TASK STATEMENT: Output the lines of the records below exactly, beginning at their first line and ending at the line with "1 Photograph of"; include no pictures.

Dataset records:
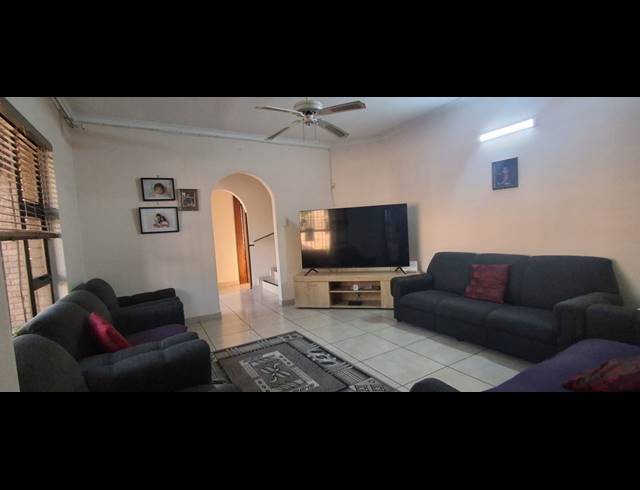 4 BEDROOM FREESTANDING FOR SALE IN MITCHELL VILLAGE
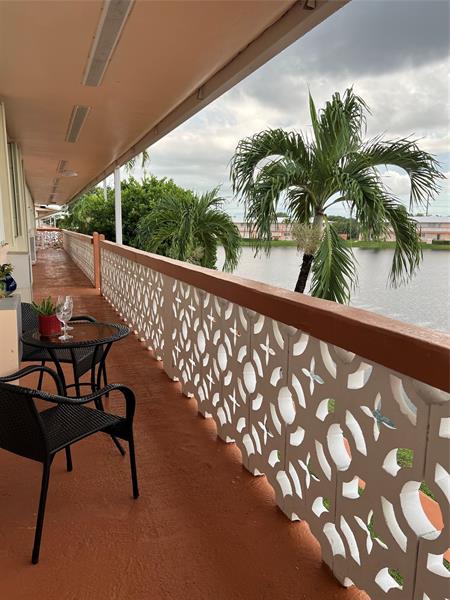 Image 18 of 20 For 900 10th Ter  S20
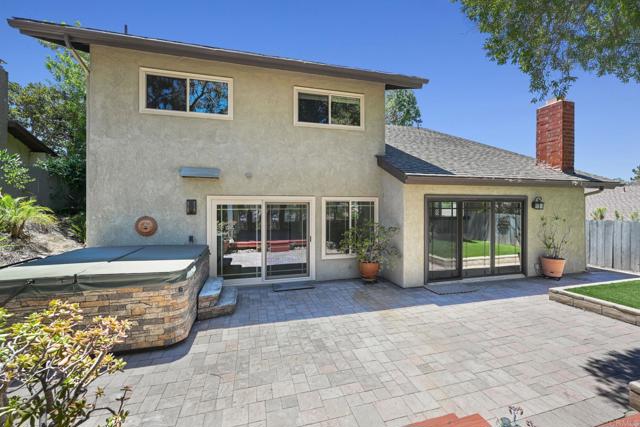 9574 Paseo Montril, San Diego CA: https://media.crmls.org/mediaz/4ed6cd93-e1c8-4c83-88ca-ab09569ae493.jpg
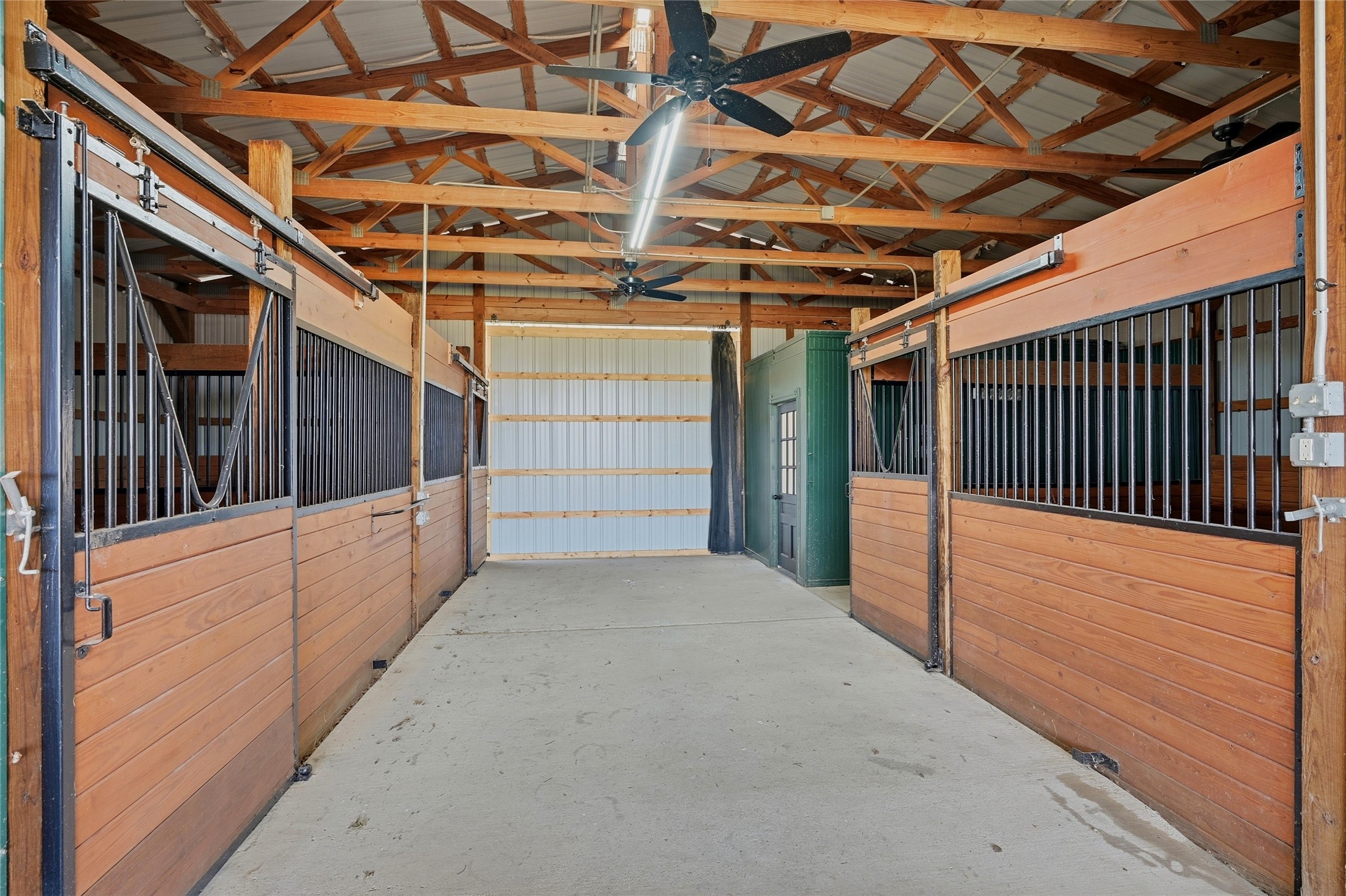 248 Roan Lane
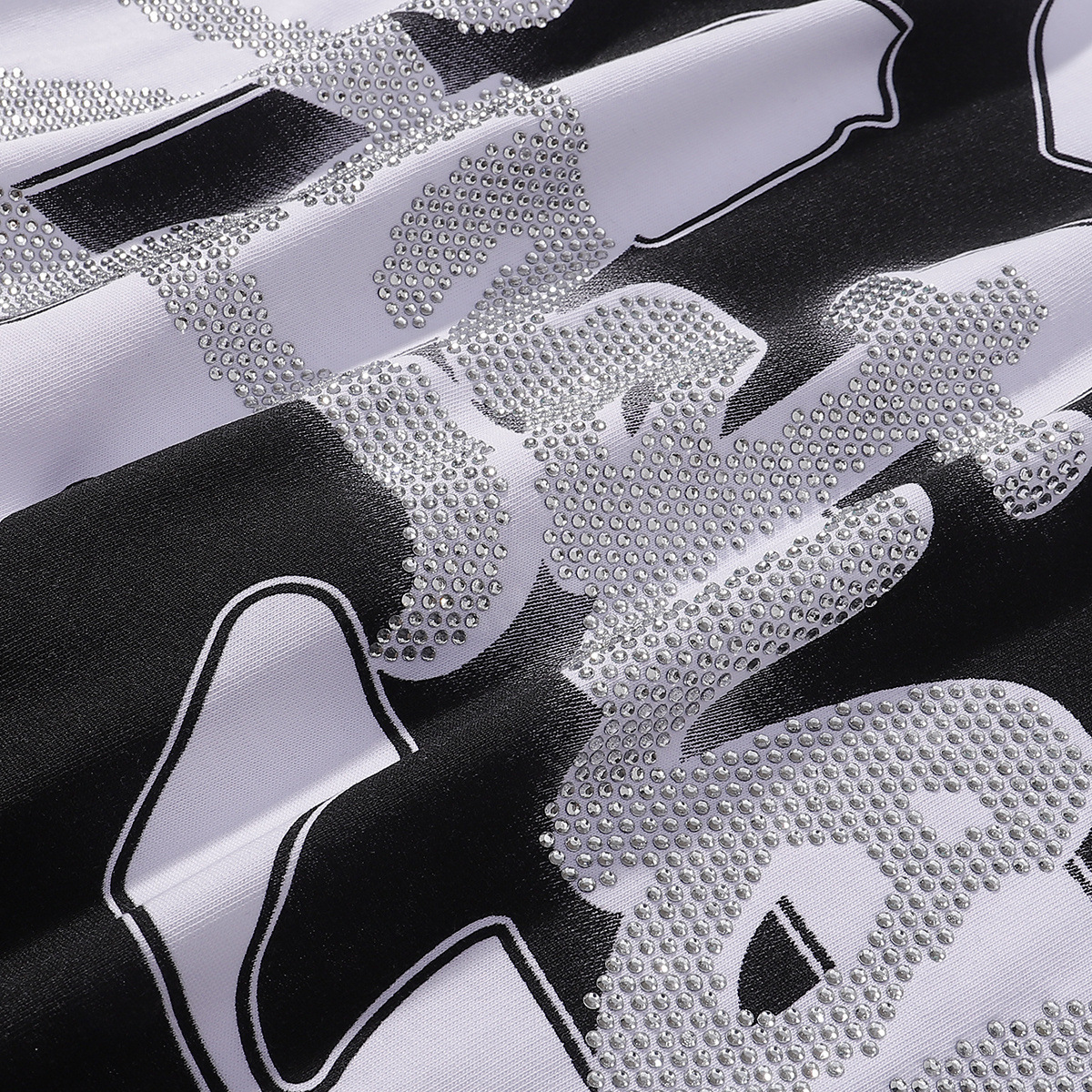 Men's T Shirts MIXED EMOTION T Shirt High Quality Little Angel Pattern Printed Rhinestone Short-sleeved Shirt Patchwork Men Women Hip-hop Ripped 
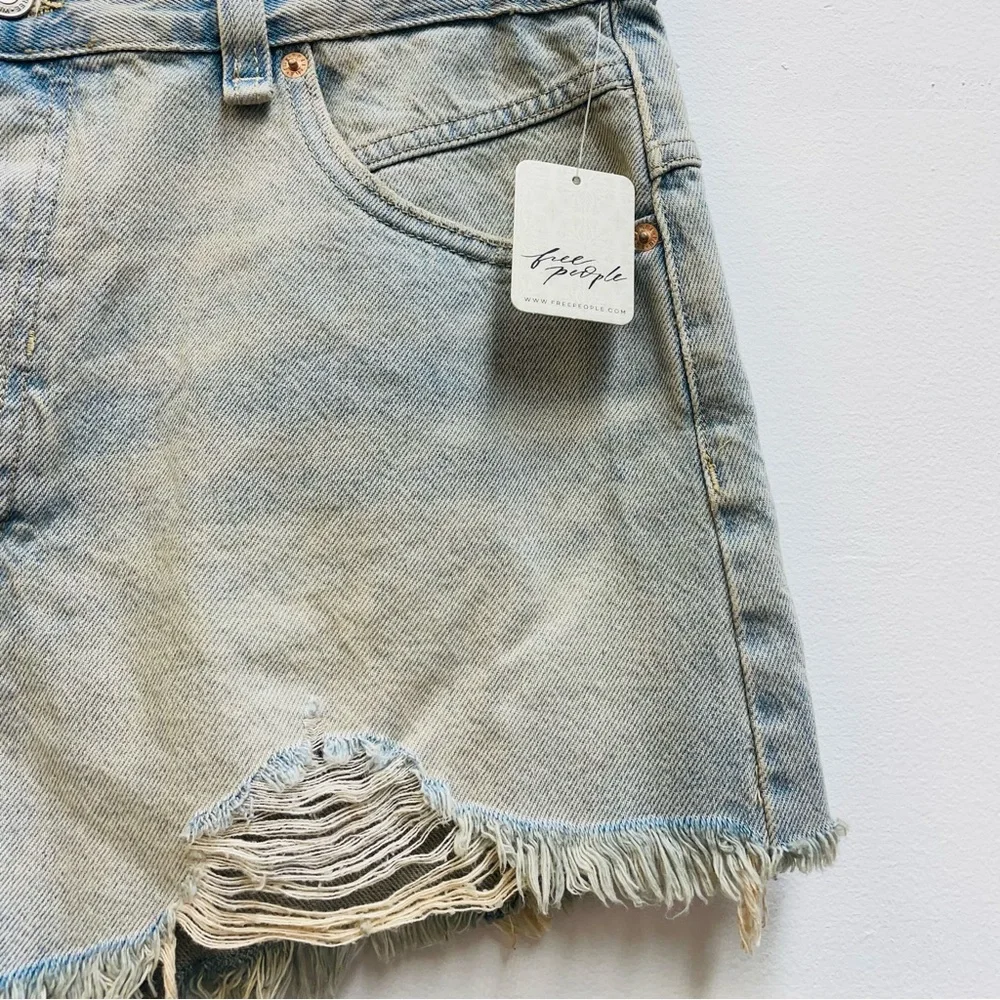 Free People Now or Never Denim Distressed Shorts size 32 - Picture 6 of 10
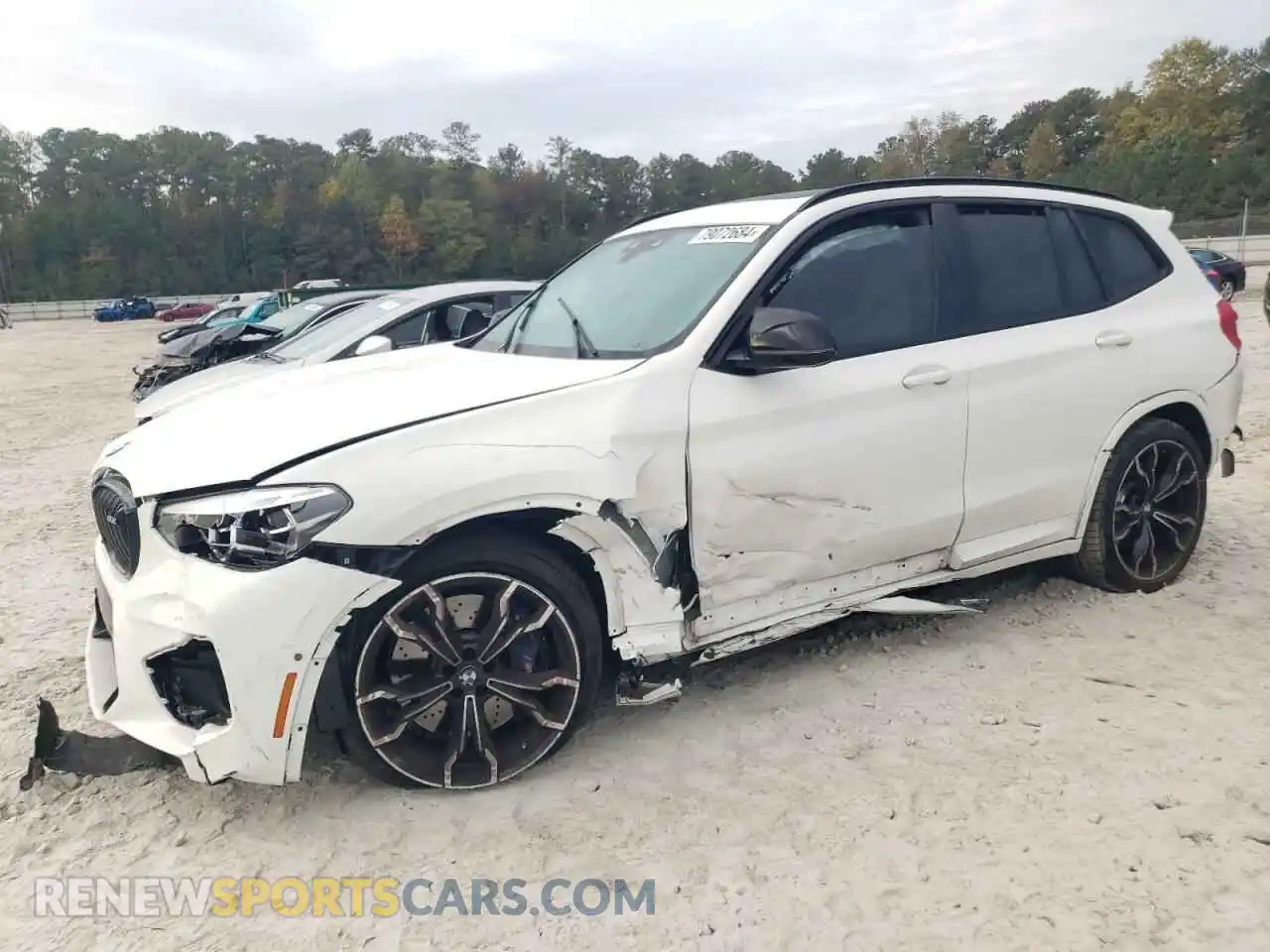 1 Photograph of a damaged car 5YMTS0C04M9G57284 BMW X3 2021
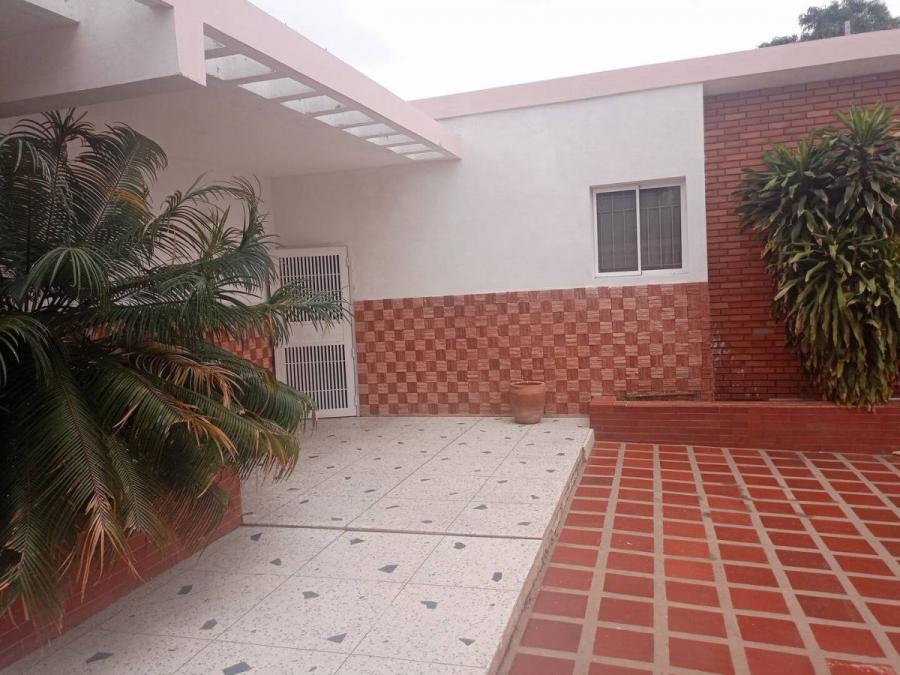 Foto Casa en Venta en El Prado, Maracaibo, Zulia - U$D 16.000 - CAV171563 - BienesOnLine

YOUR SOLUTION:
 4 BEDROOM FREESTANDING FOR SALE IN MITCHELL VILLAGE
 Image 18 of 20 For 900 10th Ter  S20
 9574 Paseo Montril, San Diego CA: https://media.crmls.org/mediaz/4ed6cd93-e1c8-4c83-88ca-ab09569ae493.jpg
 248 Roan Lane
 Men's T Shirts MIXED EMOTION T Shirt High Quality Little Angel Pattern Printed Rhinestone Short-sleeved Shirt Patchwork Men Women Hip-hop Ripped 
 Free People Now or Never Denim Distressed Shorts size 32 - Picture 6 of 10
 1 Photograph of a damaged car 5YMTS0C04M9G57284 BMW X3 2021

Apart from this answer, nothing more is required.